What is required | Give the entries again exactly, without pictures.

::: Dataset excerpts

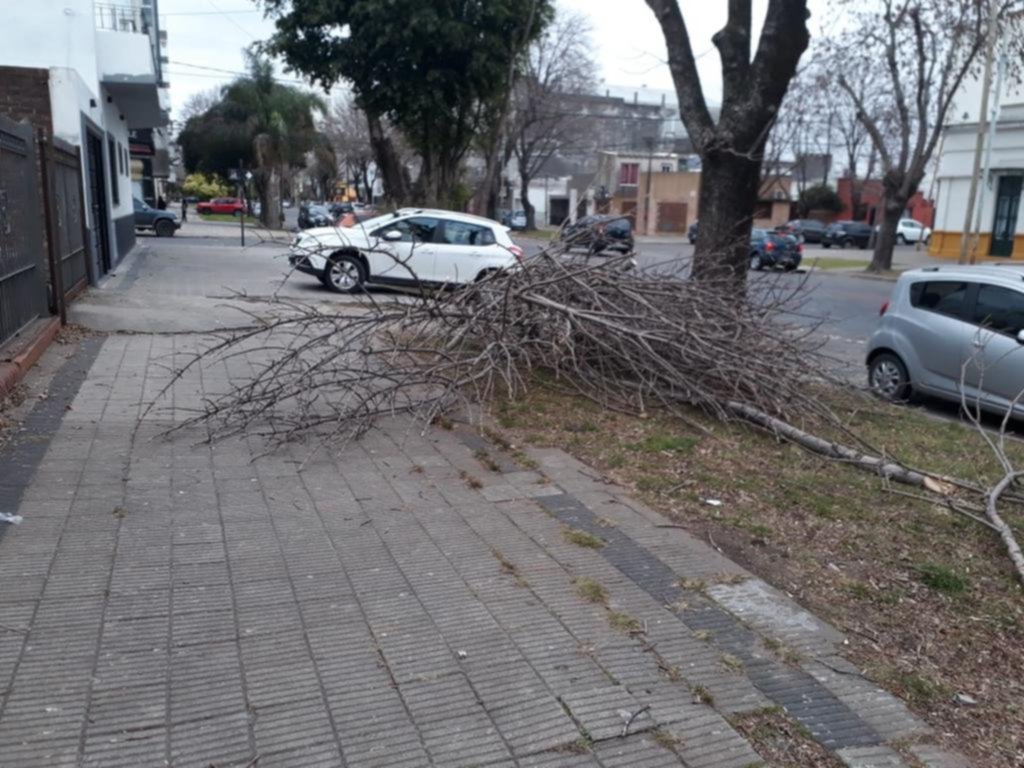 Piden recolección de ramas tras operativos de podas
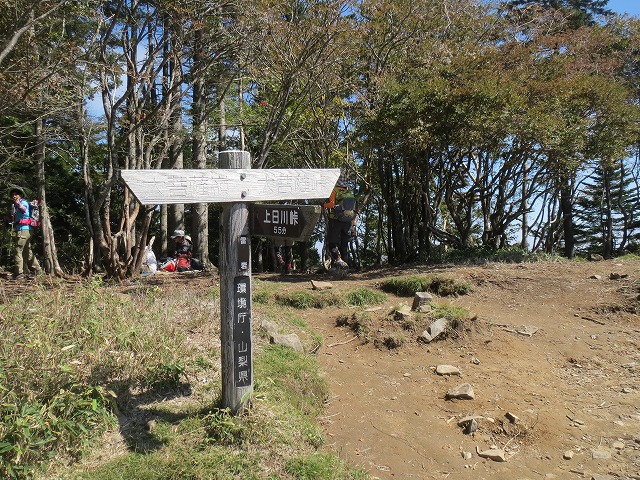 イメージ 7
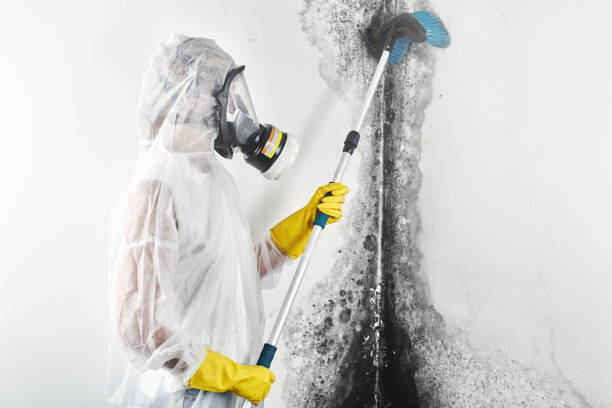 Best Post-Construction Mold Inspection  in Tuntutuli, AK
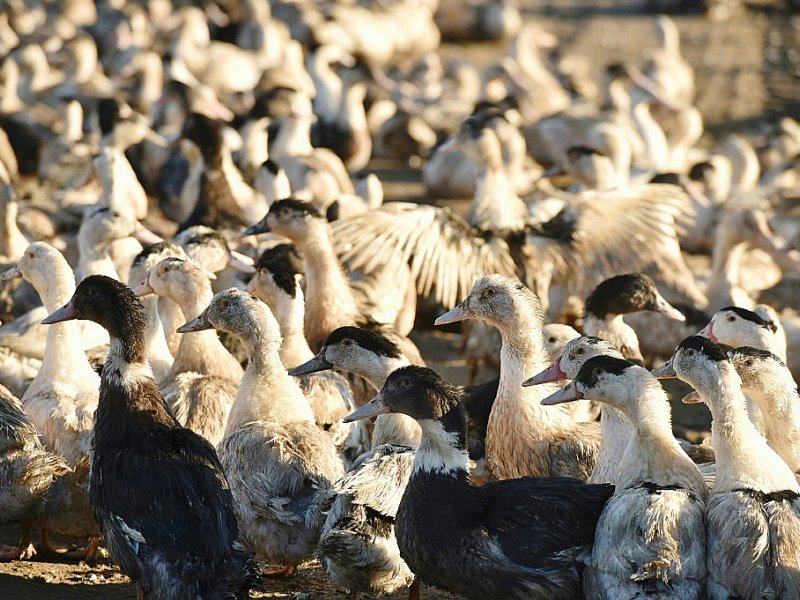 La plupart des foyers infectieux se concentrent dans le Gers et les Landes, principaux producteurs de canards gras - REMY GABALDA [AFP/Archives]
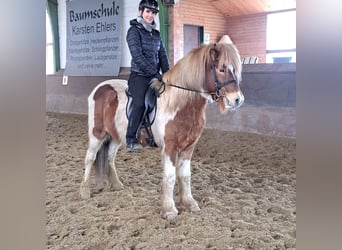 Icelandic Horse, Gelding, 5 years, 14 hh, Pinto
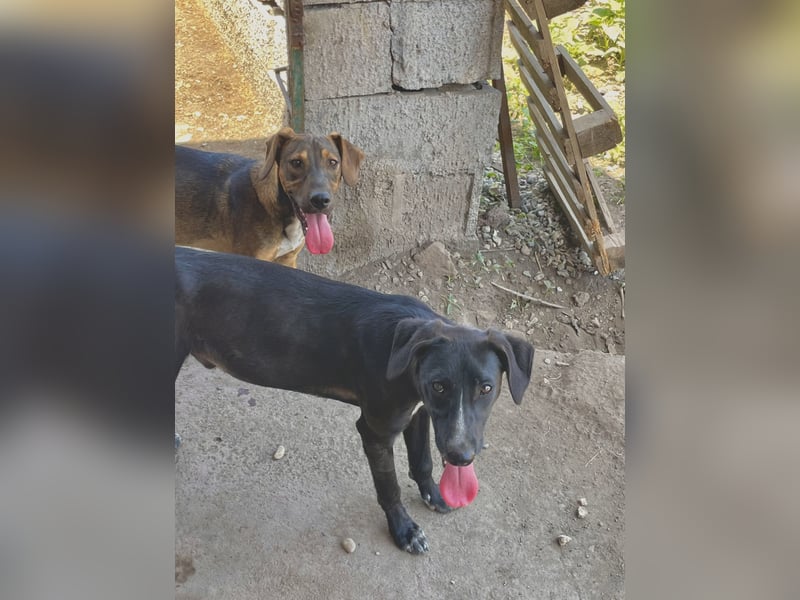 Balu - schwarzer Junghund sucht sein für immer Zuhause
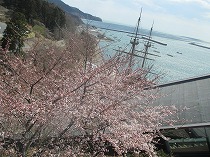 a0142083_21242218.jpg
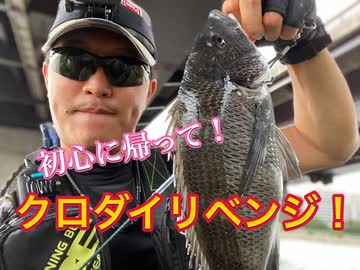 カニ捕ってクロダイ釣り！リベンジ！【もっち釣動組合♯８１】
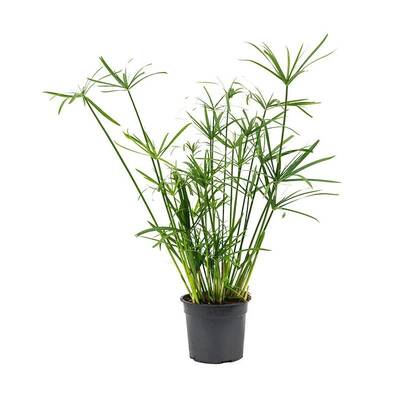 Stoffels Cyperus Alternifolius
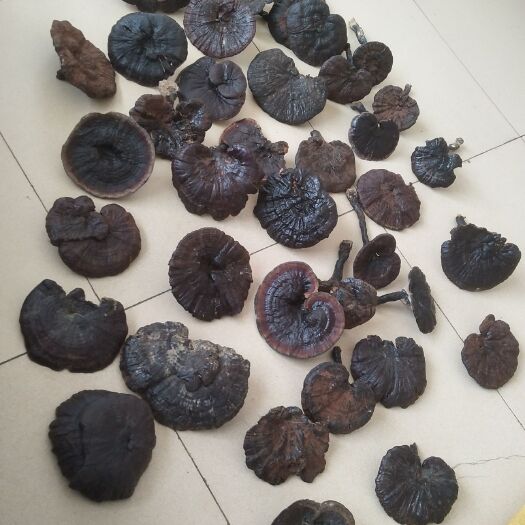 独山县灵芝 产品 贵州省黔南布依族苗族自治州三都水族自治县
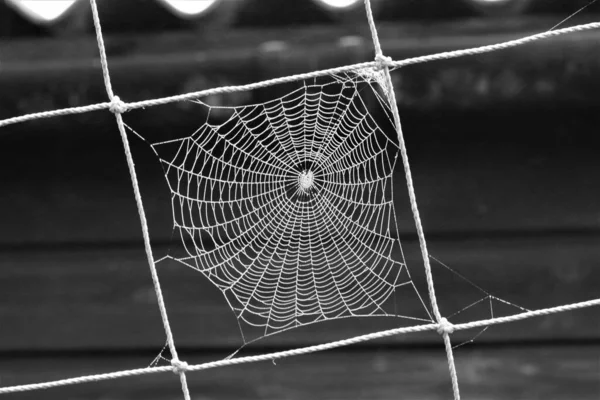 Monochrome Image Spider Web Knotted Square Disused Football Goal Net — Stock Photo, Image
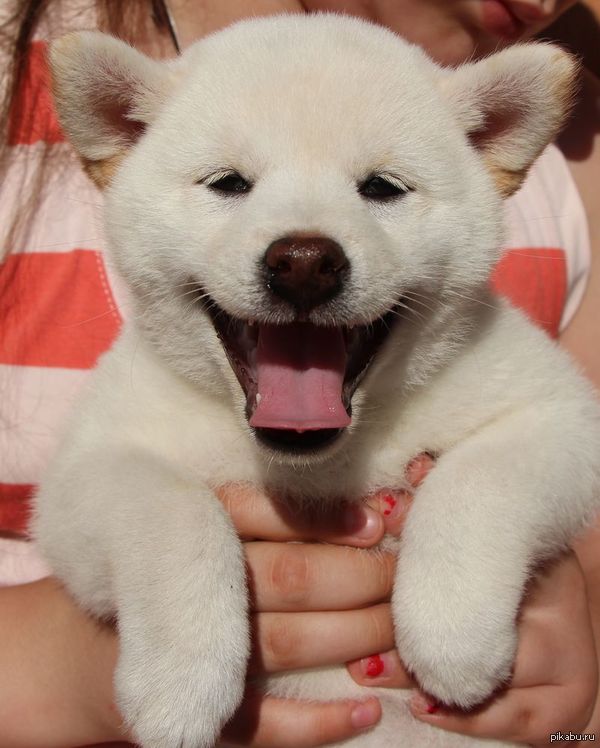 �������!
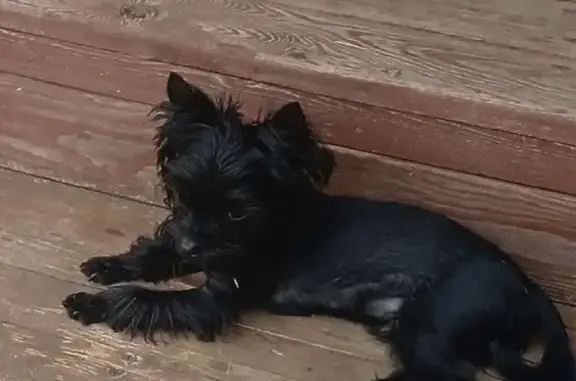 Пропала собака, Мурманск - photo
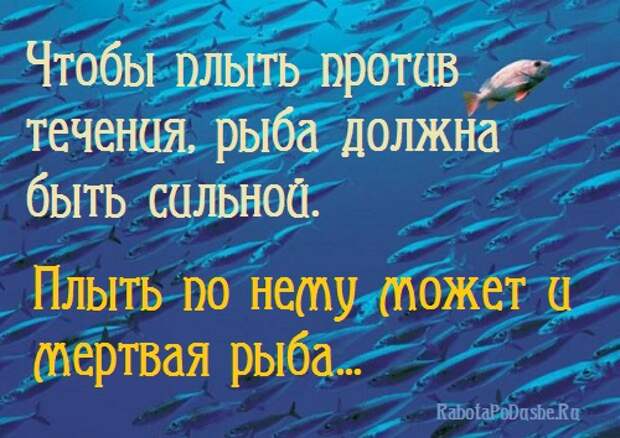 зачем нужна цель в жизни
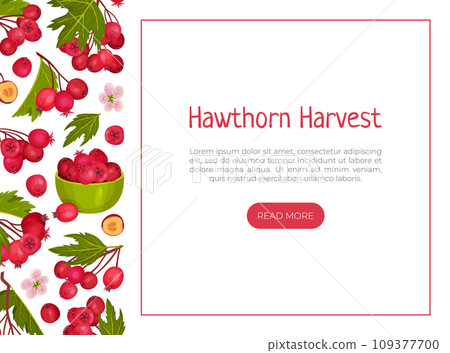 Hawthorn Berry Banner Design with Ripe Fruit Vector Template 109377700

::::::

Reply |
 Piden recolección de ramas tras operativos de podas
 イメージ 7
 Best Post-Construction Mold Inspection  in Tuntutuli, AK
 La plupart des foyers infectieux se concentrent dans le Gers et les Landes, principaux producteurs de canards gras - REMY GABALDA [AFP/Archives]
 Icelandic Horse, Gelding, 5 years, 14 hh, Pinto
 Balu - schwarzer Junghund sucht sein für immer Zuhause
 a0142083_21242218.jpg
 カニ捕ってクロダイ釣り！リベンジ！【もっち釣動組合♯８１】
 Stoffels Cyperus Alternifolius
 独山县灵芝 产品 贵州省黔南布依族苗族自治州三都水族自治县
 Monochrome Image Spider Web Knotted Square Disused Football Goal Net — Stock Photo, Image
 �������!
 Пропала собака, Мурманск - photo
 зачем нужна цель в жизни
 Hawthorn Berry Banner Design with Ripe Fruit Vector Template 109377700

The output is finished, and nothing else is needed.